У Августа, без сомнения, были добрые основания желать, чтобы я оставался в скрытости, я построил тысячу догадок относительно того, что бы это могло быть, но я не мог придумать ничего, что доставляло бы удовлетворительное разрешение тайны. Как раз после возвращения из последнего моего странствия к трапу и прежде чем мое внимание было отвлечено странным поведением Тигра, я пришел к решению сделать так, чтоб во что бы то ни стало меня услышали те, кто был на корабле – или, если бы я не успел в этом прямо, попытаться прорезать себе путь через кубрик. Полууверенность, бывшая во мне, что я способен выполнить один из двух этих замыслов в последней крайности, придала мне мужества (вряд ли я имел бы его иначе) претерпеть все беды моего положения. Те немногие слова, однако, которые я был способен прочесть, отрезали от меня эти последние пути, и теперь в первый раз я почувствовал все злосчастие своей судьбы. В припадке отчаяния я бросился опять на матрац, на котором приблизительно в продолжение дня и ночи я лежал в некоем оцепенении, облегчаемый только мгновенными пробуждениями рассудка и воспоминания.

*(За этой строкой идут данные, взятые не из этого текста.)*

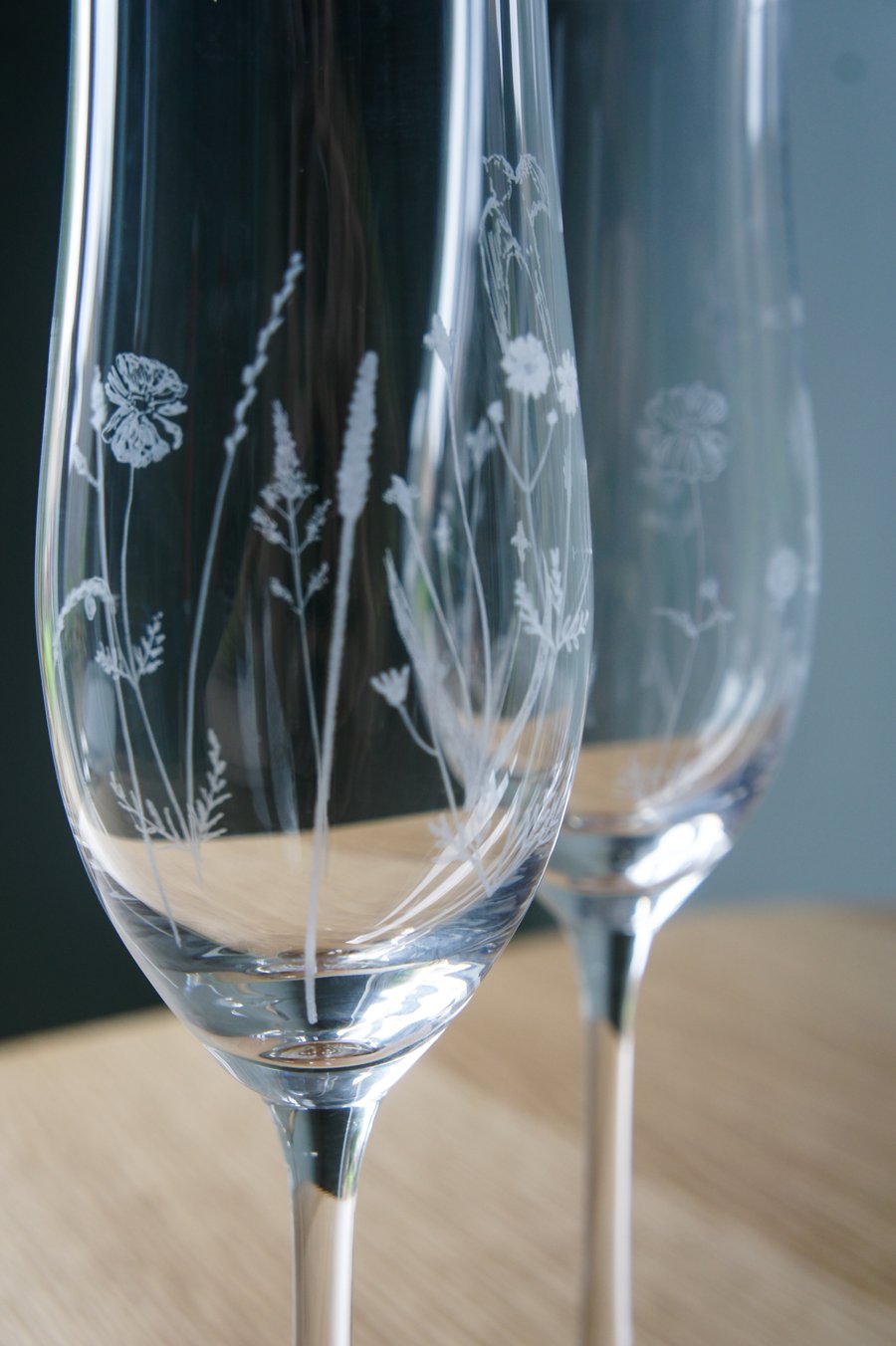 A Pair Of Hand Engraved Champagne Glasses, Dartington Crystal, Summer Meadows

Наконец, я еще раз поднялся и стал усиленно размышлять об ужасах, меня окружавших. Существовать еще двадцать четыре часа без воды было бы только едва возможно – на дальнейшее время возможность прекращалась. В первое время моего заключения я свободно пользовался крепительными напитками, которыми Август снабдил меня, но они только возбуждали лихорадку, ни в малейшей степени не утоляя жажду. У меня оставалось теперь лишь около четверти пинты крепкой персиковой настойки, которую желудок мой не принимал. Колбасы были совершенно истреблены; от окорока ничего не оставалось, кроме небольшого куска кожуры; а сухари, за исключением немногих обломков одного, были съедены Тигром. Во усиление моей тревоги головная боль с минуты на минуту увеличивалась, а с нею некоторого рода бред, который мучил меня более или менее с тех пор, как я впервые заснул. Уже несколько часов, как я мог дышать вообще лишь с большим трудом, теперь же каждая попытка дыхания сопровождалась самым мучительным судорожным сокращением грудной клетки. Но был еще другой, и совершенно иной, источник беспокойства, и поистине эти терзающие ужасы были главным обстоятельством, заставившим меня очнуться от оцепенения. Ужас был связан с поведением собаки.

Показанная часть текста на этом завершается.